Could you output each line below exactly as it appears, excluding any pictures?
»»
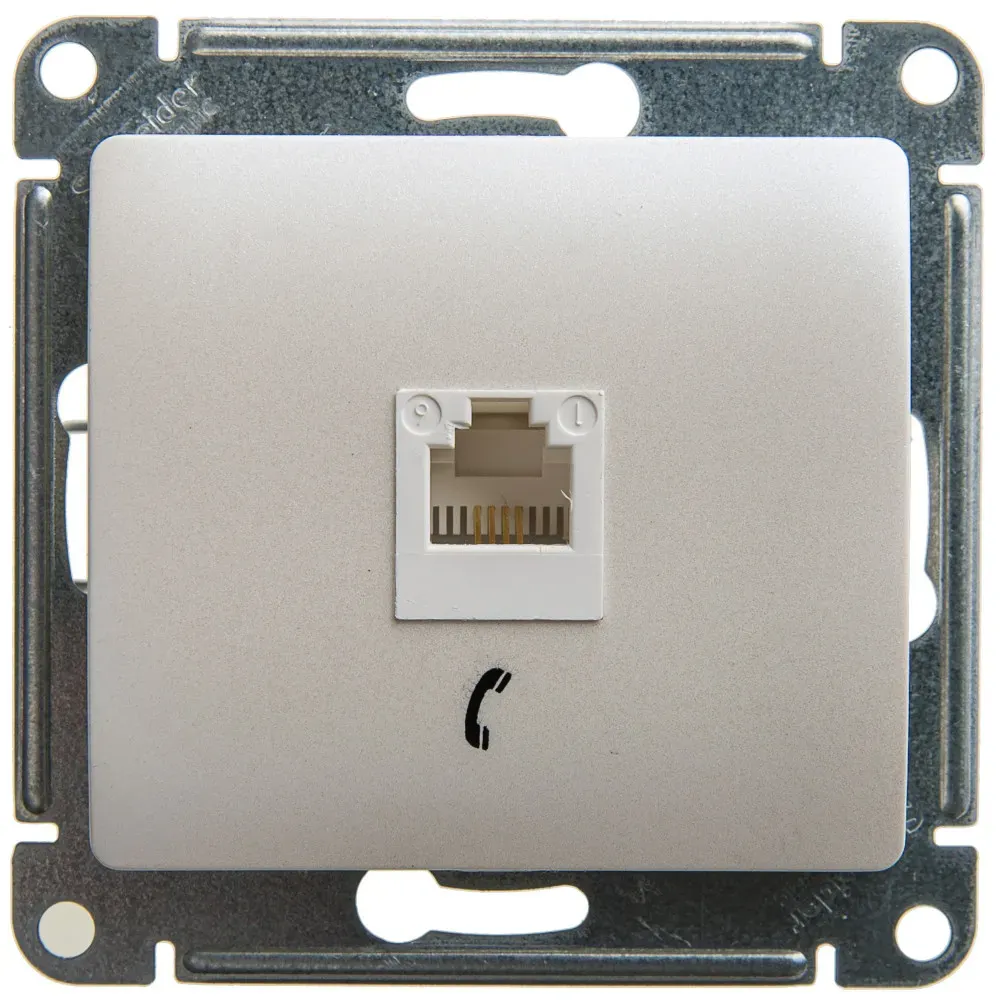 GLOSSA Розетка телефонная RJ11 перламутр в рамку SE (Потенциал) GSL000681T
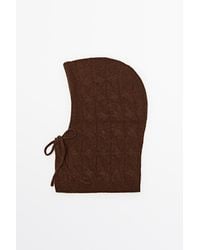 MASSIMO DUTTI - Cable-Knit Wool Blend Balaclava With Drawstring - Lyst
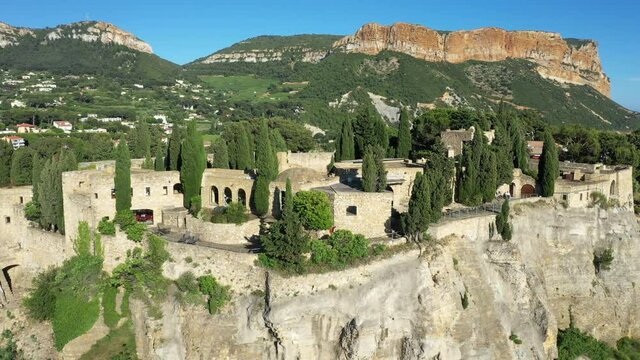 Aerial View of castle on top of a hill near the city center of Cassis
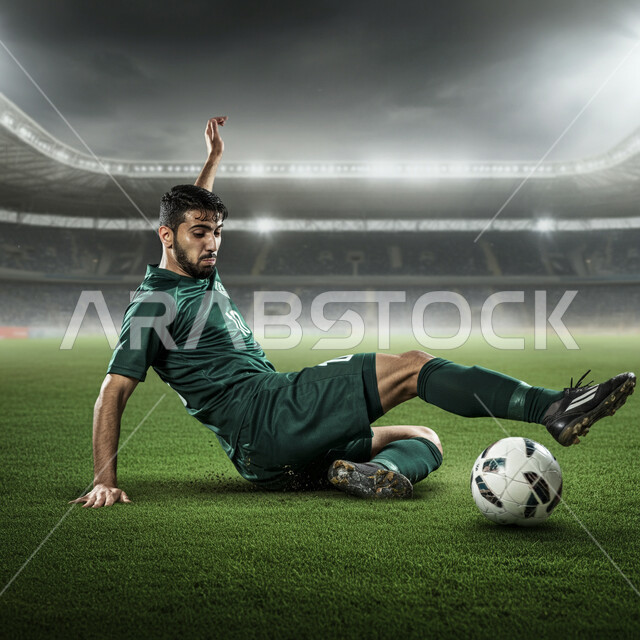 Healthy lifestyle, preparation, training and getting ready to start the match, youth sports and recreational activities, a smiling Saudi Arabian Gulf player wearing sportswear holding a football in his hand with expressions of pleasure and happiness, the concept of loving sports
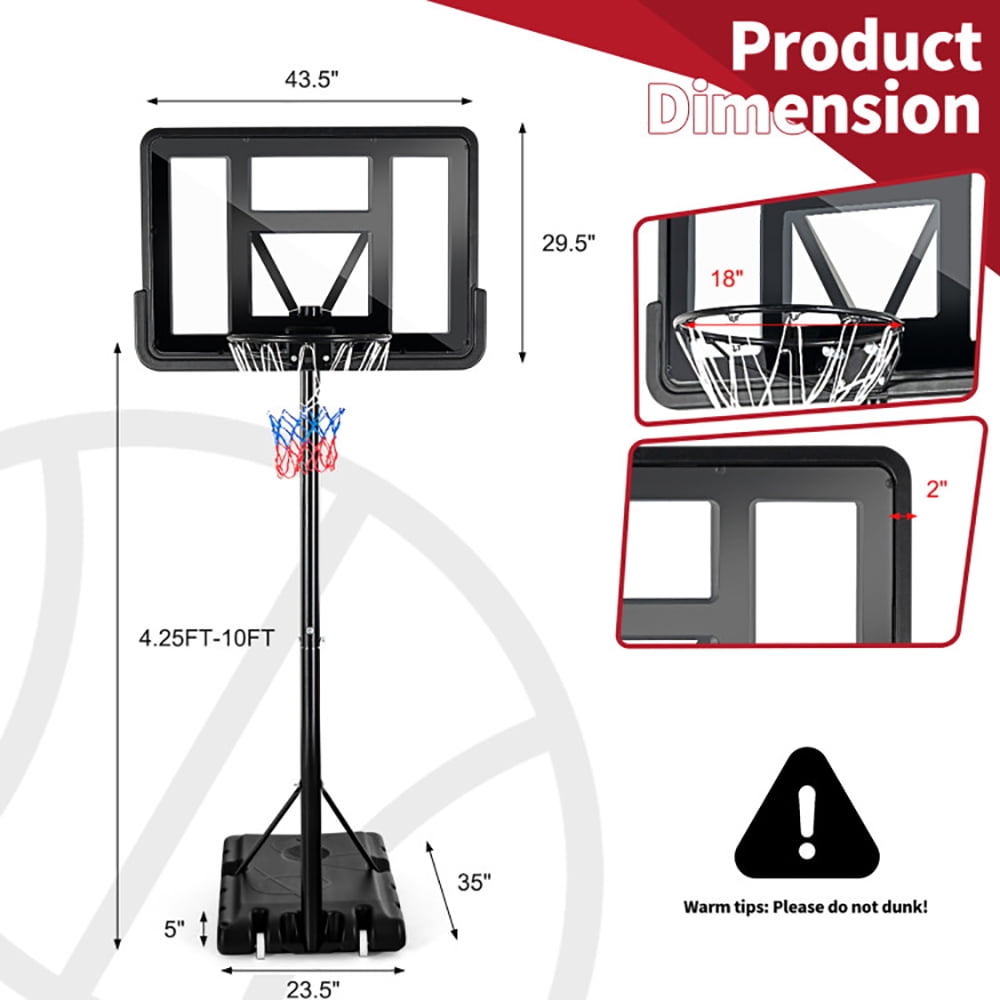 Yardi Yarda Adjustable Portable Basketball Hoop Stand with Shatterproof Backboard Wheels, Kids Adjustable Basketball Hoop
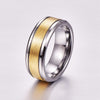 Golden Brown Center with Geometric Silver Coated Tungsten Carbide Wedding Ring - Innovato Store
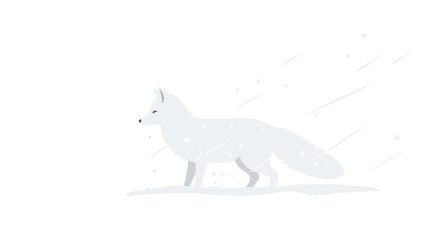 A minimalist illustration of a white arctic fox walking across a snowy landscape. © Joko santoso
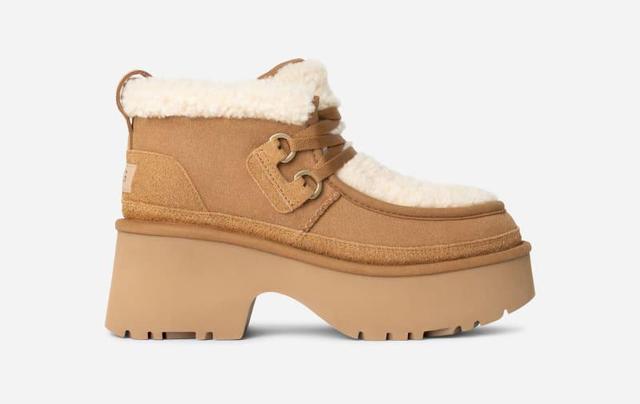 UGG Womens Classic New Heights Lace Up Suede/Sheepskin Classic Boots Product Image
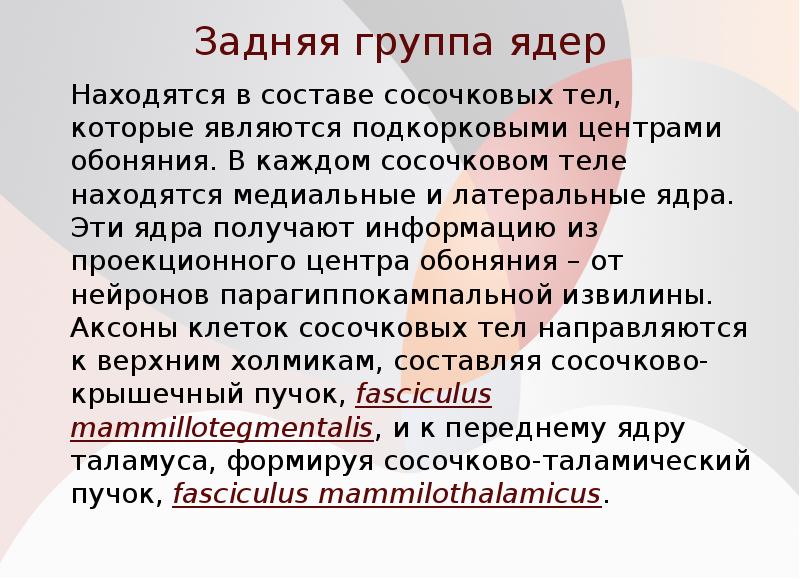 Задняя группа ядер
Находятся в составе сосочковых тел, которые являются подкорковыми Задняя группа ядер
Находятся в составе сосочковых тел, которые являются подкорковыми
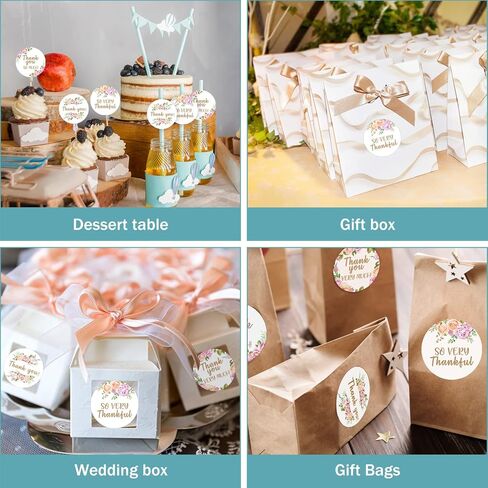 PNTKION 80 Pieces Cute Rose Flower Wreath Thank You Stickers, Wedding Baby Shower Birthday Party Decorate Watercolor Floral Themed Party Gift Wrap Bag Label Decorations in Kuwait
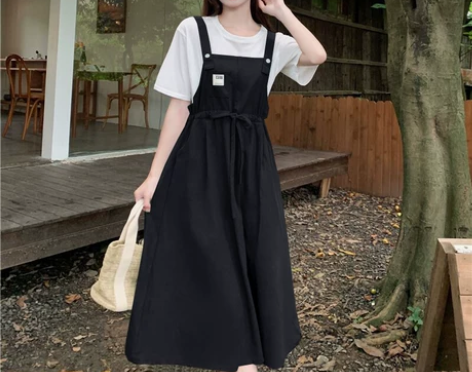 背带裙 背带长裙子连衣裙两件套装少女夏装2...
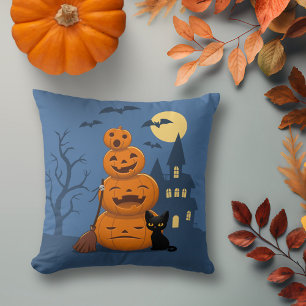 Cojín Decorativo Calabazas de Halloween y gato negro
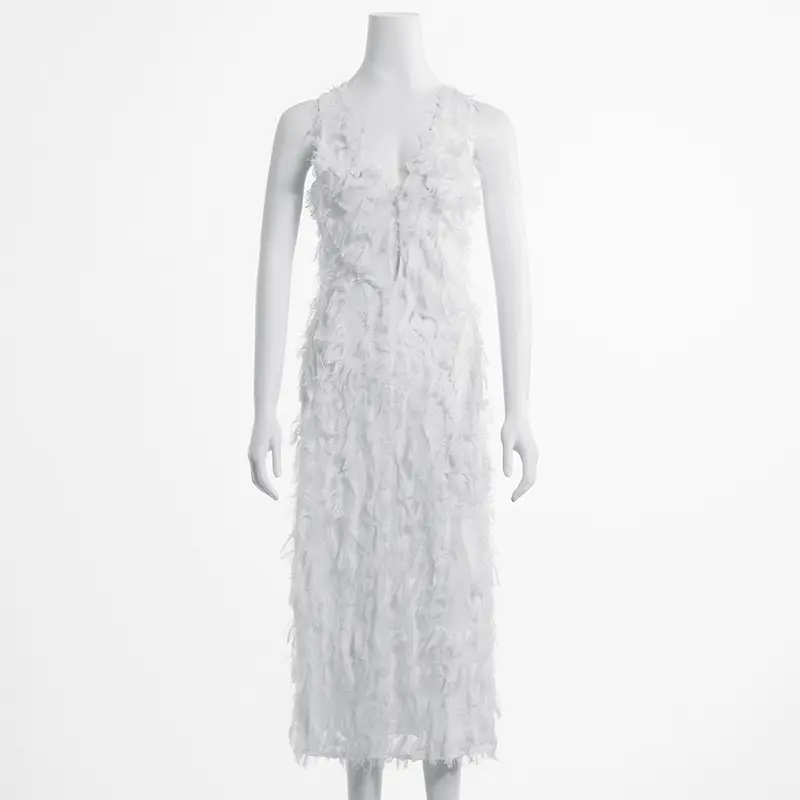 French Resort Style V-neck Tassel Suspender Dress, Simple And Fashionable Sleeveless Vest Dress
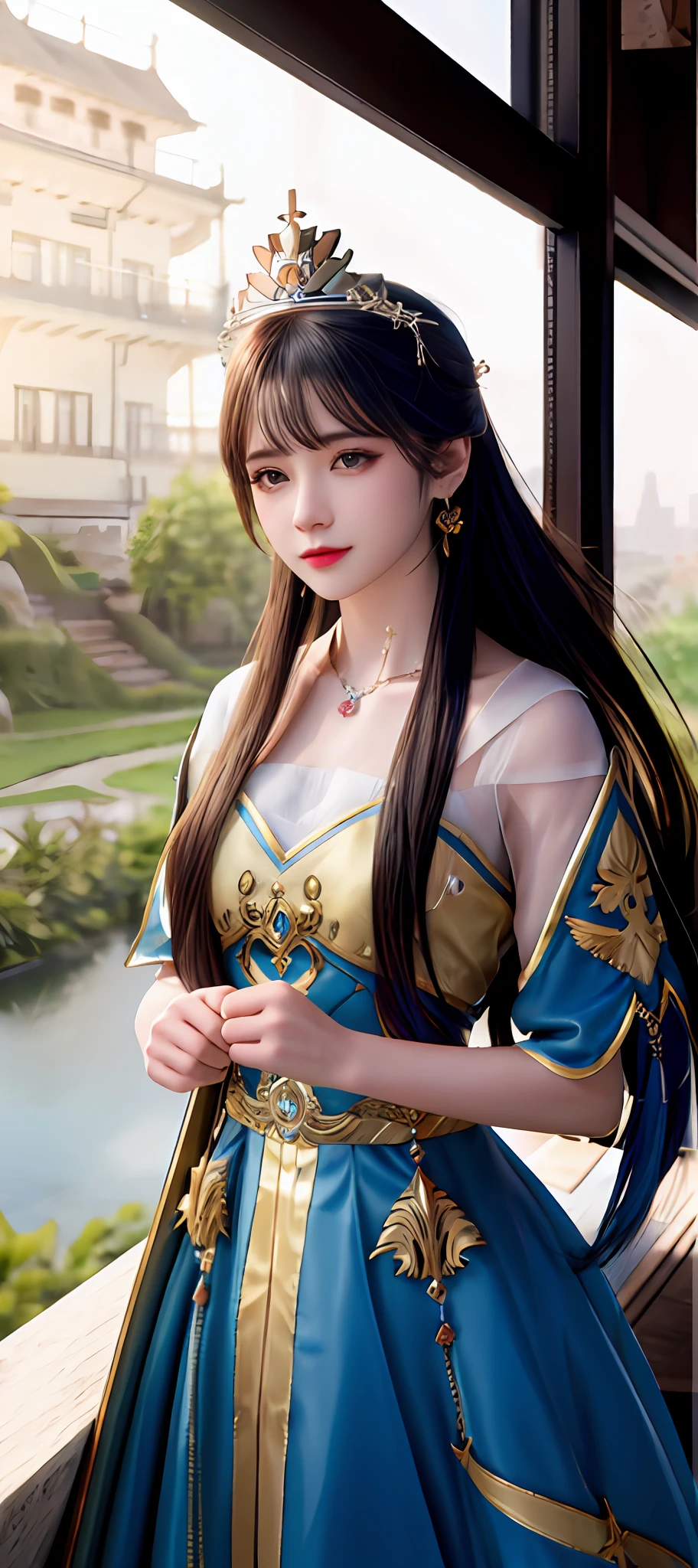 realisticity: 1.2), best quality, masterpiece, highres, super detail, ultra detail, cg, 1girl, weapon, sword, long hair, dress, water, solo, jewelry, yellow dress, wear a crown, earrings, hair ornament, splashing, upper body super realistis, hair bun, blue and pink hair, royal throne backgraun super realistis and super detai, ultra detail, lighting,candid, Photograph, high resolution, 8k, 10k, Bokeh,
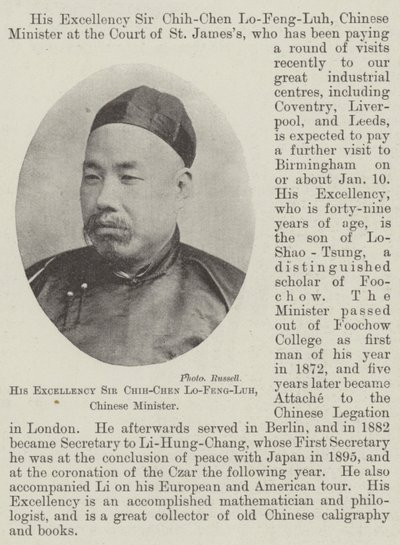 Hänen ylhäisyytensä Sir Chih-Chen Lo-Feng-Luh, Kiinan ministeri tekijältä English Photographer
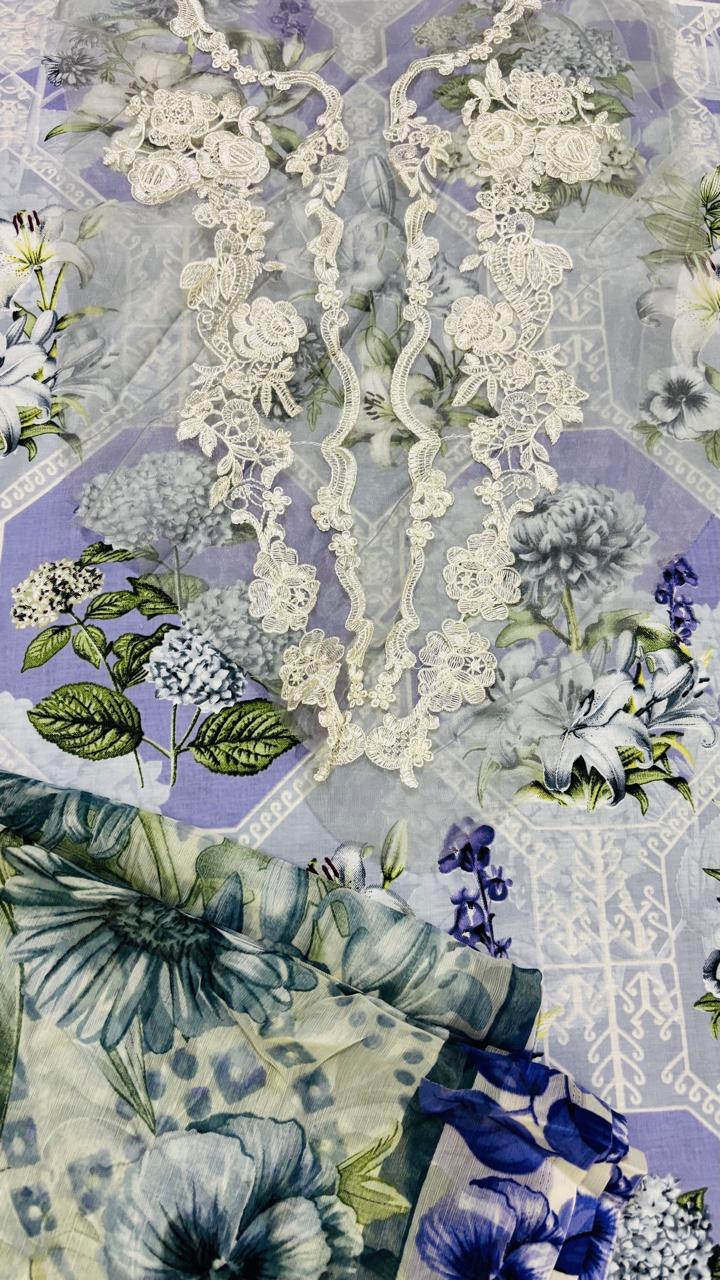 R122 - Unstiched Embroidered Patch Cotton Suit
««
=== SOLVED EXERCISE ===
 GLOSSA Розетка телефонная RJ11 перламутр в рамку SE (Потенциал) GSL000681T
 MASSIMO DUTTI - Cable-Knit Wool Blend Balaclava With Drawstring - Lyst
 Aerial View of castle on top of a hill near the city center of Cassis
 Healthy lifestyle, preparation, training and getting ready to start the match, youth sports and recreational activities, a smiling Saudi Arabian Gulf player wearing sportswear holding a football in his hand with expressions of pleasure and happiness, the concept of loving sports
 Yardi Yarda Adjustable Portable Basketball Hoop Stand with Shatterproof Backboard Wheels, Kids Adjustable Basketball Hoop
 Golden Brown Center with Geometric Silver Coated Tungsten Carbide Wedding Ring - Innovato Store
 A minimalist illustration of a white arctic fox walking across a snowy landscape. © Joko santoso
 UGG Womens Classic New Heights Lace Up Suede/Sheepskin Classic Boots Product Image
 Задняя группа ядер
Находятся в составе сосочковых тел, которые являются подкорковыми Задняя группа ядер
Находятся в составе сосочковых тел, которые являются подкорковыми
 PNTKION 80 Pieces Cute Rose Flower Wreath Thank You Stickers, Wedding Baby Shower Birthday Party Decorate Watercolor Floral Themed Party Gift Wrap Bag Label Decorations in Kuwait
 背带裙 背带长裙子连衣裙两件套装少女夏装2...
 Cojín Decorativo Calabazas de Halloween y gato negro
 French Resort Style V-neck Tassel Suspender Dress, Simple And Fashionable Sleeveless Vest Dress
 realisticity: 1.2), best quality, masterpiece, highres, super detail, ultra detail, cg, 1girl, weapon, sword, long hair, dress, water, solo, jewelry, yellow dress, wear a crown, earrings, hair ornament, splashing, upper body super realistis, hair bun, blue and pink hair, royal throne backgraun super realistis and super detai, ultra detail, lighting,candid, Photograph, high resolution, 8k, 10k, Bokeh,
 Hänen ylhäisyytensä Sir Chih-Chen Lo-Feng-Luh, Kiinan ministeri tekijältä English Photographer
 R122 - Unstiched Embroidered Patch Cotton Suit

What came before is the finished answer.